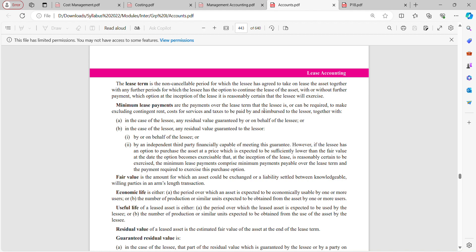Contingent rent, taxes, and other charges are separate. However, if the lessee has an option to purchase the asset at a price expected to be sufficiently lower than the fair value at the date the option becomes exercisable, and at inception of the lease it is reasonably certain to be exercised, the minimum lease payments comprise the minimum payments payable over the lease term plus the payment required to exercise this purchase option.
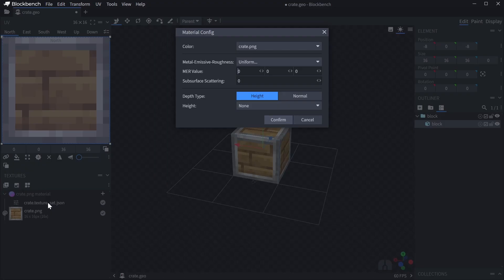You can double-click the textureset file to edit it. For example, you can define uniform values for metalness, emissive roughness, and subsurface scattering. But let's go ahead and create a texture now instead to have more control over it.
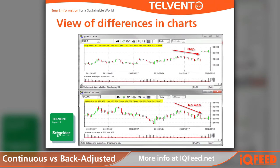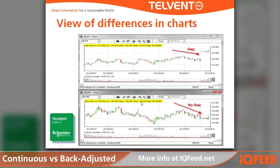Here's a good reference of the two: the non-adjusted continuous contract symbol @LE# has the gap, and the back-adjusted contract symbol @LE#C has no gap. You can also tell the difference in the data itself. Since we have August 31st selected, the actual close data was $118.075, but on the back-adjusted, it's now $126.025 because it has been adjusted to line up more closely with the October contract.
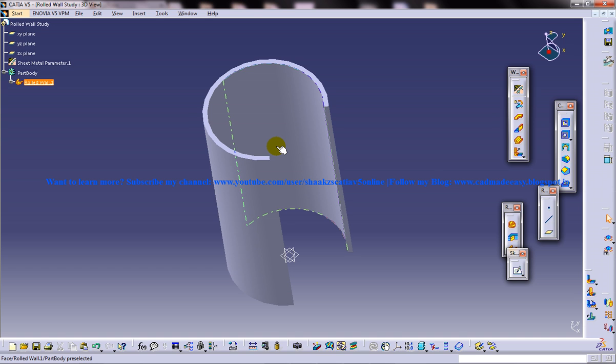The rolled wall tool is used to create rolled sheet metal components such as pipes, open pipes, and so on.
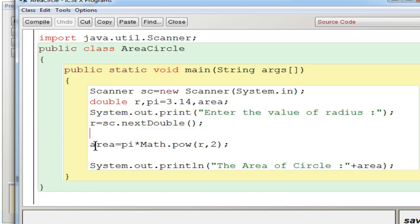Now next right away you are going for the formula area equal to pi r square. That is the formula for area of circle.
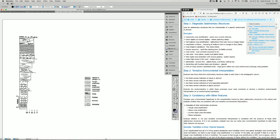Interpreting stratigraphic columns is one of the key aspects of being a stratigrapher, using sedimentology to interpret ancient depositional environments. We're going to take this stratigraphic column here, which is Cambrian in age, and use the sedimentary structures preserved in it to interpret the depositional environments.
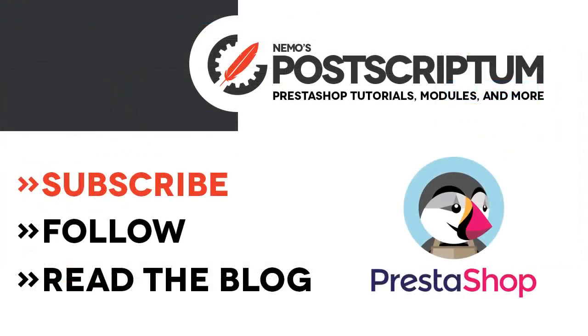All right, so I guess we are done for this video. I hope you found it useful and if you did please subscribe to the channel and follow the blog at nemops.com for more great PrestaShop tutorials and tips. Thanks for watching, I will see you next time.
..........
### ABOUT THIS EXERCISE
Pictures excluded, repeat the material above from its first line through the line containing "Now next right", both included.

### WRITTEN RESPONSE
Contingent rent, taxes, and other charges are separate. However, if the lessee has an option to purchase the asset at a price expected to be sufficiently lower than the fair value at the date the option becomes exercisable, and at inception of the lease it is reasonably certain to be exercised, the minimum lease payments comprise the minimum payments payable over the lease term plus the payment required to exercise this purchase option.
You can double-click the textureset file to edit it. For example, you can define uniform values for metalness, emissive roughness, and subsurface scattering. But let's go ahead and create a texture now instead to have more control over it.
Here's a good reference of the two: the non-adjusted continuous contract symbol @LE# has the gap, and the back-adjusted contract symbol @LE#C has no gap. You can also tell the difference in the data itself. Since we have August 31st selected, the actual close data was $118.075, but on the back-adjusted, it's now $126.025 because it has been adjusted to line up more closely with the October contract.
The rolled wall tool is used to create rolled sheet metal components such as pipes, open pipes, and so on.
Now next right away you are going for the formula area equal to pi r square. That is the formula for area of circle.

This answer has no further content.